## What the exercise asks
In the listing that follows, find the line with "C3-F #tvbracket #tvmount", then copy exactly from it through the line with "Piso en venta", leaving out every picture.

## Given information

== == ==

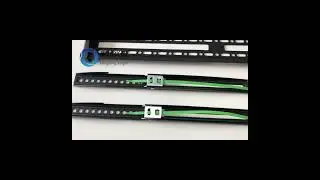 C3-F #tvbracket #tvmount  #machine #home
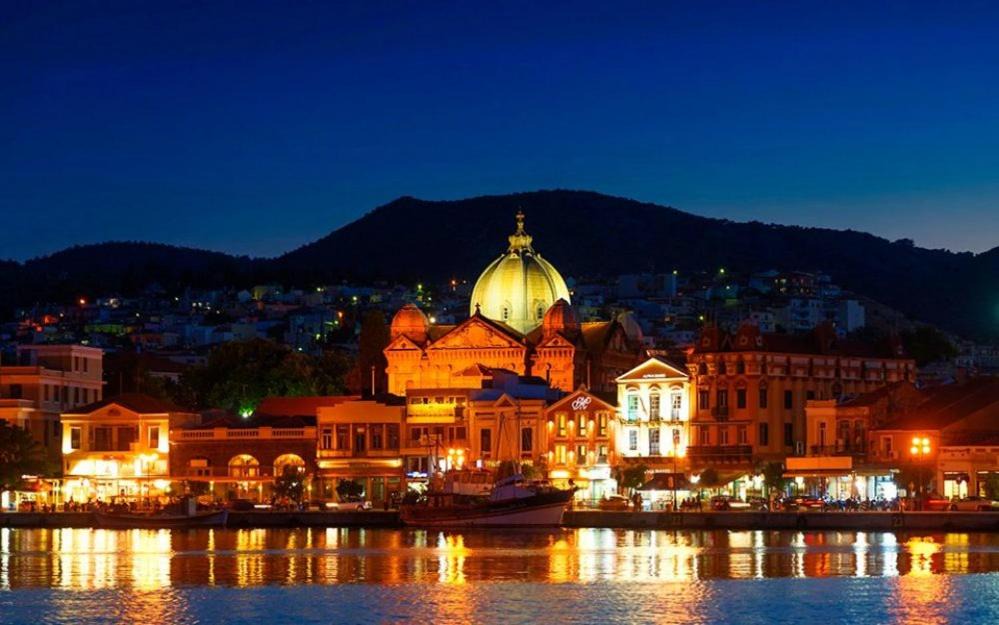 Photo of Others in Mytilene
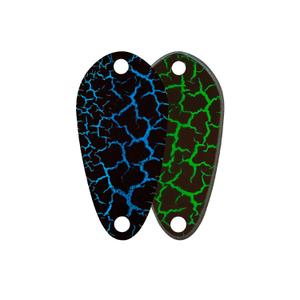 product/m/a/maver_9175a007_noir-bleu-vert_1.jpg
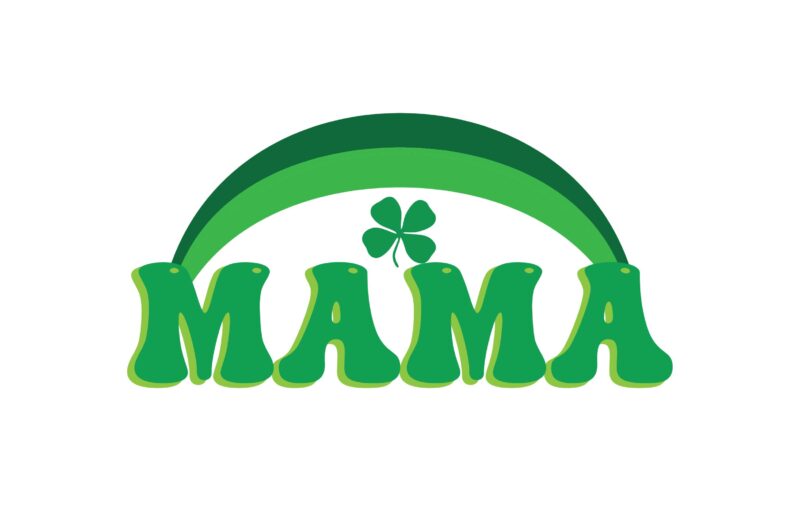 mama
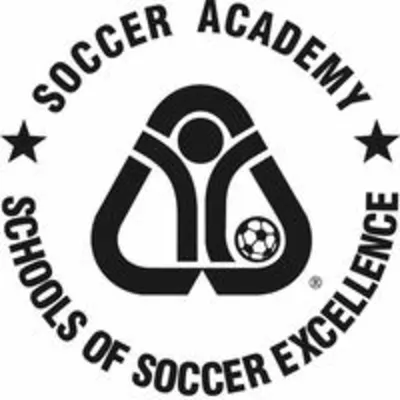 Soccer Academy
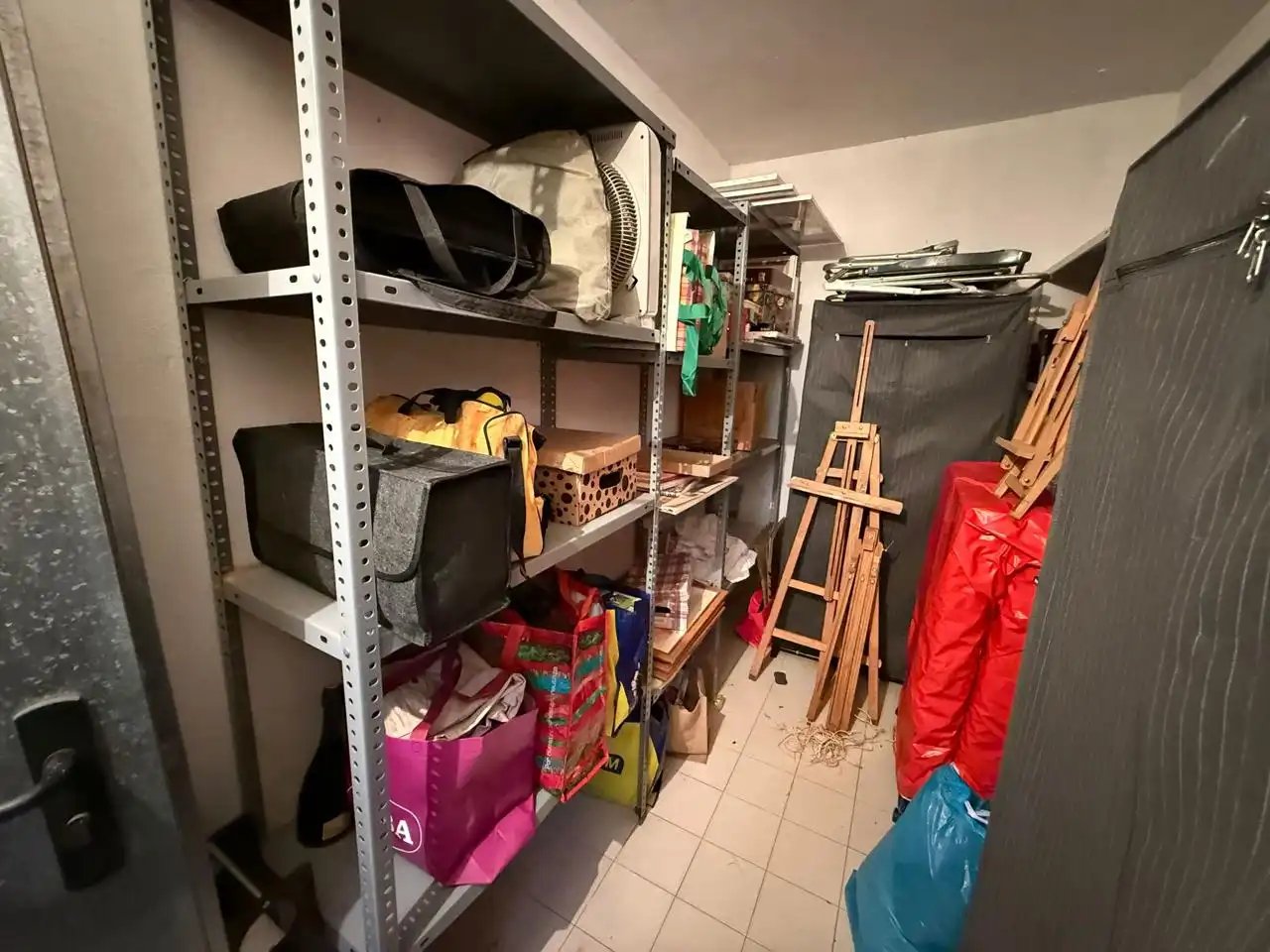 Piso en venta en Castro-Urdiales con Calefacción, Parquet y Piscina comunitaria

== == ==

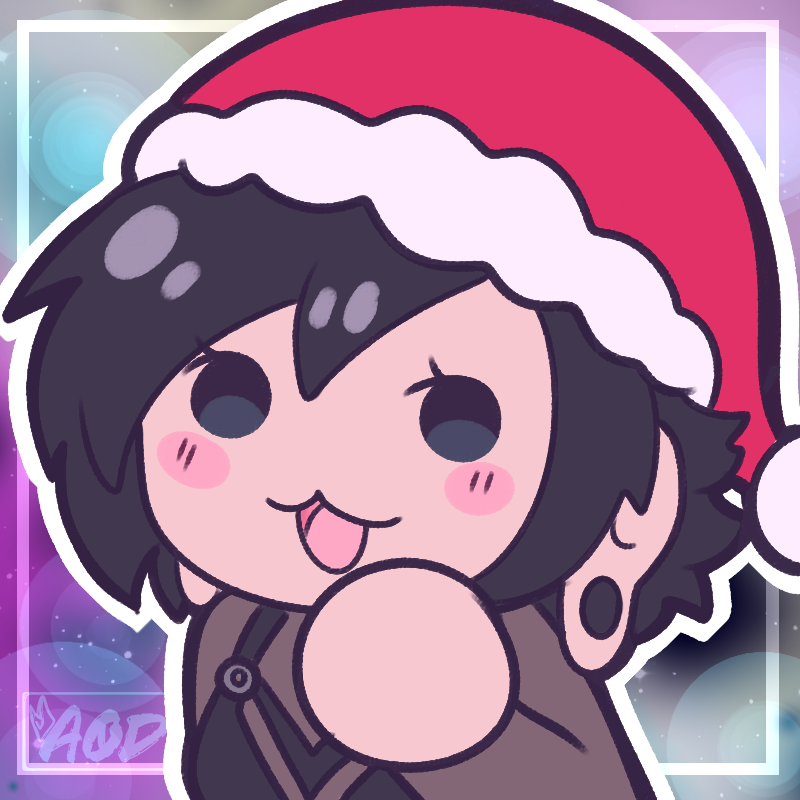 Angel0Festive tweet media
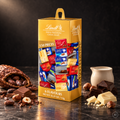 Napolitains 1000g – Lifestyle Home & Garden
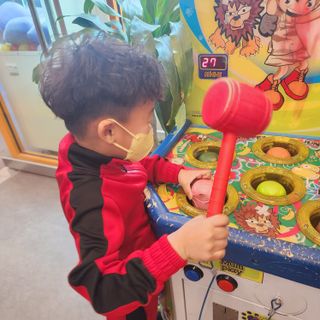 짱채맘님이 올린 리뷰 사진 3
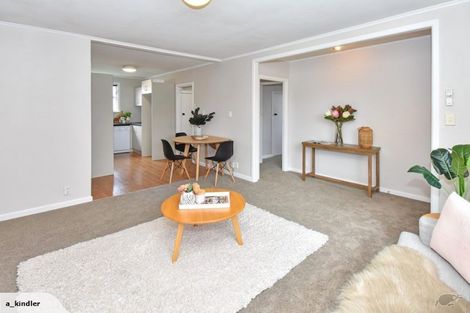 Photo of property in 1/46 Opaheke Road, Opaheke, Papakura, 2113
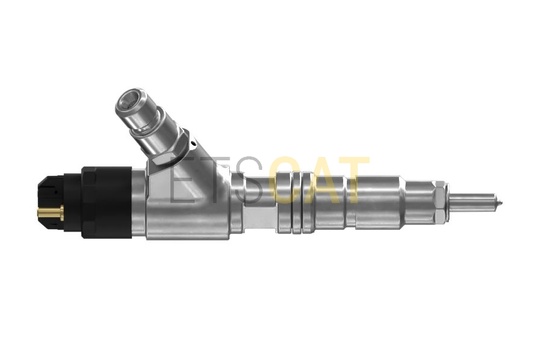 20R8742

== == ==

## Solved problem
 C3-F #tvbracket #tvmount  #machine #home
 Photo of Others in Mytilene
 product/m/a/maver_9175a007_noir-bleu-vert_1.jpg
 mama
 Soccer Academy
 Piso en venta en Castro-Urdiales con Calefacción, Parquet y Piscina comunitaria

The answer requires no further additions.